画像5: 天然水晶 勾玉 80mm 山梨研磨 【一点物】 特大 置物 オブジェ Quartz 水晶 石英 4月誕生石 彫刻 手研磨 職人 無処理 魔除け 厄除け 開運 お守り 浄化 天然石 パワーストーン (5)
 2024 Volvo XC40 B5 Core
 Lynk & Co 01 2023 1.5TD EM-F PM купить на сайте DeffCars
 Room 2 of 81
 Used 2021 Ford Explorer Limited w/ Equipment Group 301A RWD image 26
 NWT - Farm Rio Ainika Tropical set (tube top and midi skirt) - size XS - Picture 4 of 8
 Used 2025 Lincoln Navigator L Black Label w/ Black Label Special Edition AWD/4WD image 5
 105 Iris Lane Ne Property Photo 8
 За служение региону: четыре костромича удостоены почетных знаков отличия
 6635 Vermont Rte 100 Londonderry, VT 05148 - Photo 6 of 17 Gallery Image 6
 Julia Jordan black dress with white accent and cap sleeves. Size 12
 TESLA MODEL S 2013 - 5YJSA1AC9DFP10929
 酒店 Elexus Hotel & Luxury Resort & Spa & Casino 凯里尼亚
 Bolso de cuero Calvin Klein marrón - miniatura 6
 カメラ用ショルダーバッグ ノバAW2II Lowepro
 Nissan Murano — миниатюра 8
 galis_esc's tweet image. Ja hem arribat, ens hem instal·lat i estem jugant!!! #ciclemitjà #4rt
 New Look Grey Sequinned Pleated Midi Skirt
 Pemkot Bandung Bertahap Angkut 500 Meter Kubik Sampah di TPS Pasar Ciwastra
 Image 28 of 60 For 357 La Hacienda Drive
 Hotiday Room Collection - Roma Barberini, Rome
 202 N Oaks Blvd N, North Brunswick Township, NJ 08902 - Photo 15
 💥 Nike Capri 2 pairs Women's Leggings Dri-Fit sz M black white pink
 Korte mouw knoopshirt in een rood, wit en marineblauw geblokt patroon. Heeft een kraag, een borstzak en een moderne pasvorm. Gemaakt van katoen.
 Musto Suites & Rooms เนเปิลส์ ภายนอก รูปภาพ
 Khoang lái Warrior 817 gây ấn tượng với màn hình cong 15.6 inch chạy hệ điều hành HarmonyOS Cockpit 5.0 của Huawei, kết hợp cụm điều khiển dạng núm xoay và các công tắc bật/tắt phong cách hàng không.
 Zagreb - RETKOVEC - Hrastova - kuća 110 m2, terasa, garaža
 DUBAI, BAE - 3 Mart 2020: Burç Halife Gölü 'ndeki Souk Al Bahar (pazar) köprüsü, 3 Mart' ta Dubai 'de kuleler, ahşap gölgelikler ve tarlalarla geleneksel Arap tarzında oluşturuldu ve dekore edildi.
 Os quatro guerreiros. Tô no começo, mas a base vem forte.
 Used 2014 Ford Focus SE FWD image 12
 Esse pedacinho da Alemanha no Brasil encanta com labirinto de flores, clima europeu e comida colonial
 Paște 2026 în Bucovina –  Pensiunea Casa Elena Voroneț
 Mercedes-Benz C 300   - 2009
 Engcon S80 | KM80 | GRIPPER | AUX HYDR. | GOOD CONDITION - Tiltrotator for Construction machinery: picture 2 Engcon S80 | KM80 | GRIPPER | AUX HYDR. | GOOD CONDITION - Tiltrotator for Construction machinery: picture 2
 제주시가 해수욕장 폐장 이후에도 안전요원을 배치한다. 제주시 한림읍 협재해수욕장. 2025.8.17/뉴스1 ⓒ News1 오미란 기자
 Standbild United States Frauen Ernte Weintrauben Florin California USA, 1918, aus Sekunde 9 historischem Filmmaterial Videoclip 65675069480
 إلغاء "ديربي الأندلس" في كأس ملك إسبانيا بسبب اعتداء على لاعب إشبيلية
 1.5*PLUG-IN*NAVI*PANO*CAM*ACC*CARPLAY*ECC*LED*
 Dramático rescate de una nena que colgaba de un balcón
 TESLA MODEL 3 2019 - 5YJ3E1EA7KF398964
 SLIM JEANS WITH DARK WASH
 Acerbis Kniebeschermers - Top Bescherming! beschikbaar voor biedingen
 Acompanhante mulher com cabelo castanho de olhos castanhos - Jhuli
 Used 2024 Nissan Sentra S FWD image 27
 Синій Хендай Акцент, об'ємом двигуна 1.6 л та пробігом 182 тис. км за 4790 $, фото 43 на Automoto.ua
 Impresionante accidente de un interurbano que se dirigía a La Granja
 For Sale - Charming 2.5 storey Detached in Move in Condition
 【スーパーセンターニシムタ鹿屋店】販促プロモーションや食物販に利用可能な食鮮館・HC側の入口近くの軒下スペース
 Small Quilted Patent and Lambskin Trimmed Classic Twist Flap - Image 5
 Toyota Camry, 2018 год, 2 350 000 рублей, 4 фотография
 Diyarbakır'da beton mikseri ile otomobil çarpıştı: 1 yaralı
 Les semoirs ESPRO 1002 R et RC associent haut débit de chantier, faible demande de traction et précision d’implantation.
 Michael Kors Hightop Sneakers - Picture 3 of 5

++++++

Task directions: Output each line of the records above exactly, beginning at the first, and stop once the line containing "Os quatro guerreiros." has been output.

Response area:
画像5: 天然水晶 勾玉 80mm 山梨研磨 【一点物】 特大 置物 オブジェ Quartz 水晶 石英 4月誕生石 彫刻 手研磨 職人 無処理 魔除け 厄除け 開運 お守り 浄化 天然石 パワーストーン (5)
 2024 Volvo XC40 B5 Core
 Lynk & Co 01 2023 1.5TD EM-F PM купить на сайте DeffCars
 Room 2 of 81
 Used 2021 Ford Explorer Limited w/ Equipment Group 301A RWD image 26
 NWT - Farm Rio Ainika Tropical set (tube top and midi skirt) - size XS - Picture 4 of 8
 Used 2025 Lincoln Navigator L Black Label w/ Black Label Special Edition AWD/4WD image 5
 105 Iris Lane Ne Property Photo 8
 За служение региону: четыре костромича удостоены почетных знаков отличия
 6635 Vermont Rte 100 Londonderry, VT 05148 - Photo 6 of 17 Gallery Image 6
 Julia Jordan black dress with white accent and cap sleeves. Size 12
 TESLA MODEL S 2013 - 5YJSA1AC9DFP10929
 酒店 Elexus Hotel & Luxury Resort & Spa & Casino 凯里尼亚
 Bolso de cuero Calvin Klein marrón - miniatura 6
 カメラ用ショルダーバッグ ノバAW2II Lowepro
 Nissan Murano — миниатюра 8
 galis_esc's tweet image. Ja hem arribat, ens hem instal·lat i estem jugant!!! #ciclemitjà #4rt
 New Look Grey Sequinned Pleated Midi Skirt
 Pemkot Bandung Bertahap Angkut 500 Meter Kubik Sampah di TPS Pasar Ciwastra
 Image 28 of 60 For 357 La Hacienda Drive
 Hotiday Room Collection - Roma Barberini, Rome
 202 N Oaks Blvd N, North Brunswick Township, NJ 08902 - Photo 15
 💥 Nike Capri 2 pairs Women's Leggings Dri-Fit sz M black white pink
 Korte mouw knoopshirt in een rood, wit en marineblauw geblokt patroon. Heeft een kraag, een borstzak en een moderne pasvorm. Gemaakt van katoen.
 Musto Suites & Rooms เนเปิลส์ ภายนอก รูปภาพ
 Khoang lái Warrior 817 gây ấn tượng với màn hình cong 15.6 inch chạy hệ điều hành HarmonyOS Cockpit 5.0 của Huawei, kết hợp cụm điều khiển dạng núm xoay và các công tắc bật/tắt phong cách hàng không.
 Zagreb - RETKOVEC - Hrastova - kuća 110 m2, terasa, garaža
 DUBAI, BAE - 3 Mart 2020: Burç Halife Gölü 'ndeki Souk Al Bahar (pazar) köprüsü, 3 Mart' ta Dubai 'de kuleler, ahşap gölgelikler ve tarlalarla geleneksel Arap tarzında oluşturuldu ve dekore edildi.
 Os quatro guerreiros. Tô no começo, mas a base vem forte.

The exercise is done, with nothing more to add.